According to Holden, assembling cars like the Cruze and Commodore in Australia carries a premium in the neighborhood of $3460 USD compared with other locales like Korea. The Thailand built Colorado 7 and the Korean-built Captiva, both crossovers, are said to help offset the loss-making nature of Australian manufacturing.
Holden is said to be seeking more money in the wake of Ford’s closing of their Australian manufacturing operations. The incoming administration in Australia’s government are known to be supportive of propping up Australia’s manufacturing sector, with the new Industry Minister a vocal supporter of the auto industry. Meanwhile, opposition figures have indicated that they would look to dramatically cut subsidies for the auto sector, so Holden may be feeling extra pressure to get a deal signed sooner rather than later.
While Holden has previously been firm in its commitment to Australian manufacturing, the tone seems to have changed, with Holden indicating that further investment is a prerequisite for maintaining a manufacturing presence in the country.
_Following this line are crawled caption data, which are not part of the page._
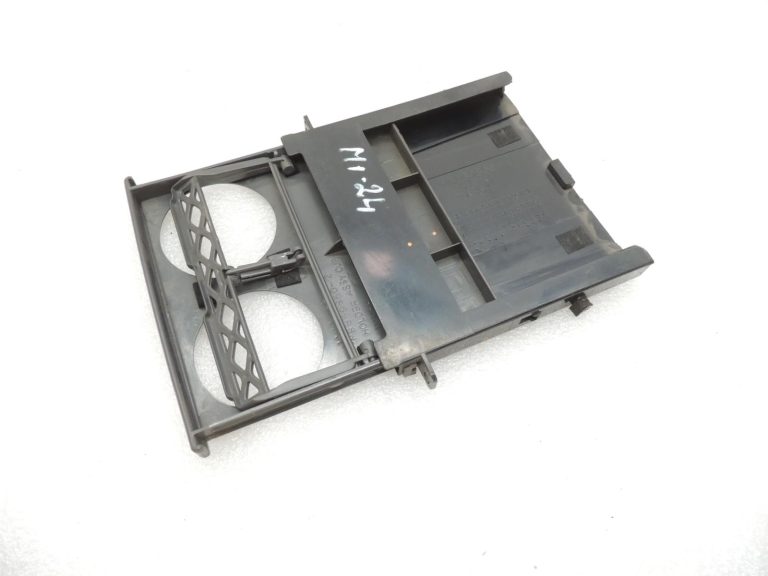 Mitsubishi L200 K7 K6 instrumentu paneļa krūzes turētājs MR206054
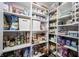 Walk-in pantry with ample shelving for storage of food and household items at 8970 Buttercup Ct, Noblesville, IN 46060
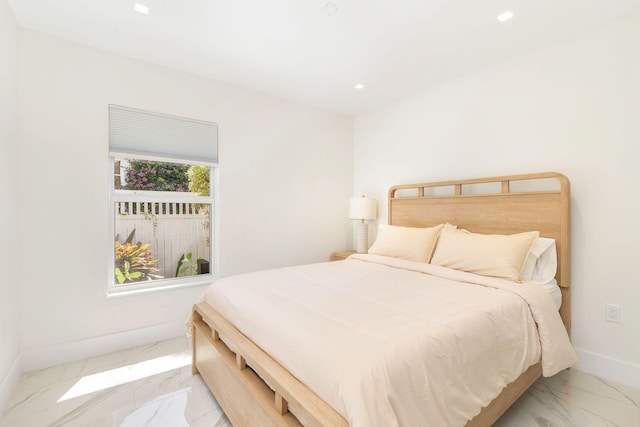 bedroom with marble finish floor, baseboards, and recessed lighting
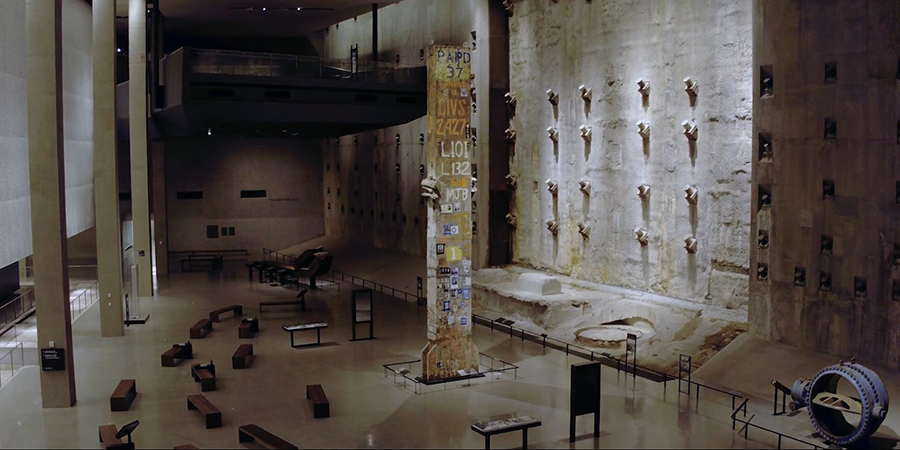 This view from a drone captures Foundation Hall from above. The Last Column is standing in the center of the hall and is surrounded by wooden benches. The slurry wall is lit up to the right. Shadowed areas of the Museum are in the background.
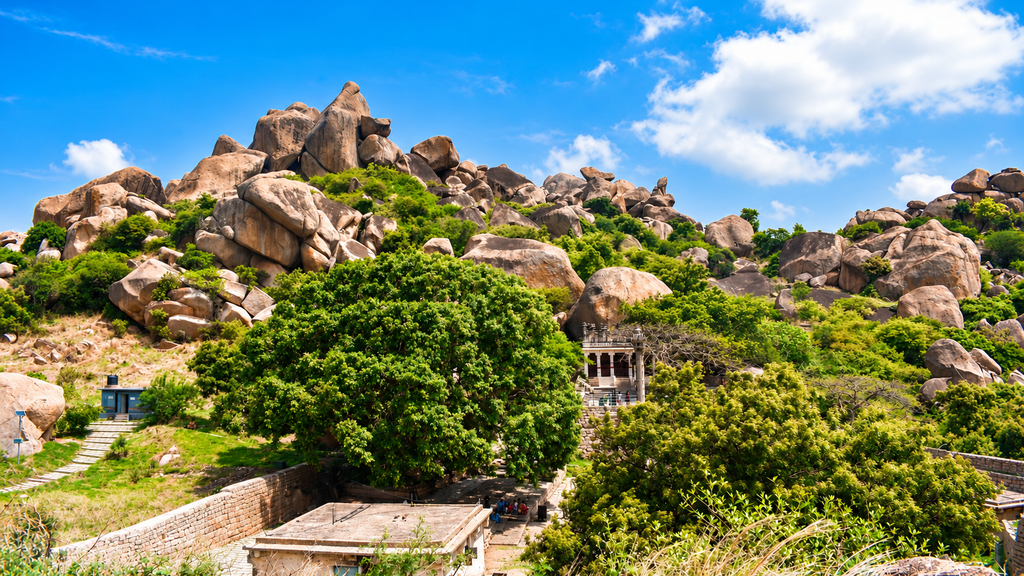 Historic stone walls and rocky hills at Chitradurga Fort in Karnataka. Bangalore to Hampi road trip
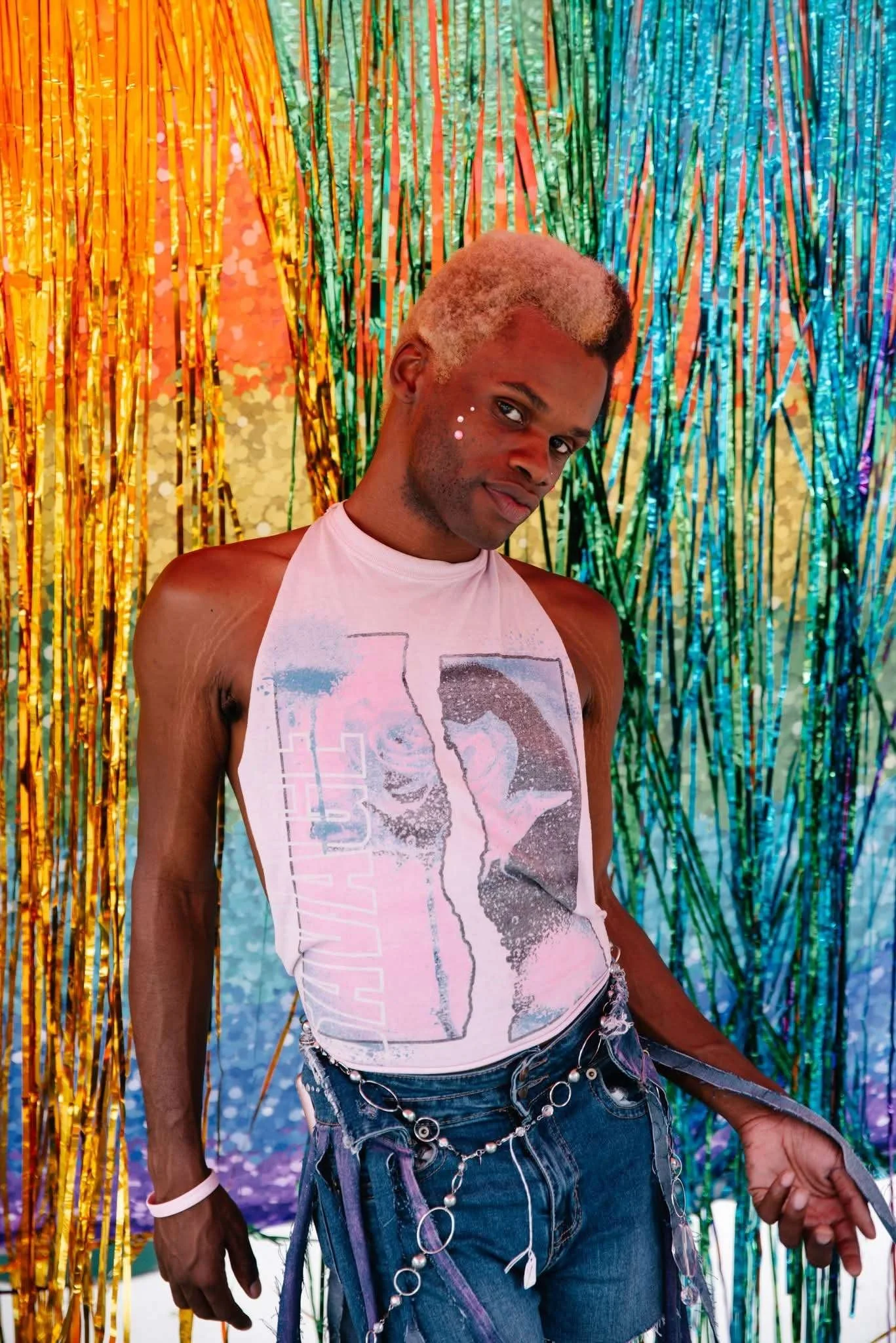 A person with bleached blonde hair and dark skin standing in front of a colorful background made of shiny, metallic streamers in orange, green, blue, and purple colors. The person wears a sleeveless graphic tank top, ripped jeans with chains, and has face paint with small white dots on their cheek.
Holden isn’t alone either; Toyota is said to be looking for government subsidies as well, as a rapidly changing auto market and unfavorable exchange rates has left many auto makers caught flat-footed down under.
While other countries are making substantial investments in their auto sector, Australia, like Canada, has been taking cautious half measured, investing more modest amounts in conjunction with the OEMs and while adopting a “wait and see” approach. Both countries are watching their auto plants gradually fade in both importance and number, as cheaper manufacturing sites and unfavorable exchange rates and other structural factors erode whatever competitive advantages the two countries may have once had.
The nature of globalized product lines also doesn’t do any favors for Australia, which used to assemble vehicles that were locally popular, like large rear drive sedans and Ute pickups. But with the Ford Falcon gone, the Holden Commodore rumored to be moving to a global platform and consumers flocking to vehicles like the Toyota Hilux, Ford Ranger and Holden Colorado for their truck fix, Australian cars and their manufacturing sites seem to be slowly losing the battle for their lives.